The guests arrived, Pakistanis and foreigners, a dozen or so of them, and were soon sprawled on the carpets, drinking wine, resolved into several groups. Walking briskly down the steep path, sure-footed, holding a floppy yellow sun hat with a trailing ribbon in her hand, Sonya had said to Rezak as she passed, ‘ Salaam, Baba.’ His heart, his soul melted, as if a queen had spoken to a foot soldier. She had given him charge of the garden, of the trees that she brought from her homeland, and now she was seeing the results of his husbandry for the first time.
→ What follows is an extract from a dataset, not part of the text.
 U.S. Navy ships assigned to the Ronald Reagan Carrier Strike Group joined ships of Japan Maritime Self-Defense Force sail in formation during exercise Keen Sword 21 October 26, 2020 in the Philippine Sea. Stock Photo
All the other servants knew what to do — Ghulam Rasool poured the wine and passed the hors d’oeuvres, a cook readied the fire and skewered kebabs on metal rods, the gardeners spread out as a kind of picket, to prevent anyone from looking over the walls. Rezak’s shyness and diffidence contested with a desire to take part, to show off all the work he had done in the orchard. He squatted under an apple tree, trying not to look at the Sahibs, pulling up sprigs of grass, tying them into figures and knots, hoping to be summoned. Restless, he knelt down by the cook and took over the job of tending the fire, pushing aside the weedy boy who acted as the cook’s helper.
Sohail Harouni was a handsome cheerful man with never a care in his life, who enjoyed giving parties more than anything else. After a few glasses of wine he called a young valet and told him to bring the stereo from the main house and hook it up. A driver raced to Murree, ten kilometers up the mountain, and bought a roll of heavy wire. Glasses in hand, the guests and even the host enthusiastically helped string the wire down through the trees from a roadside shop.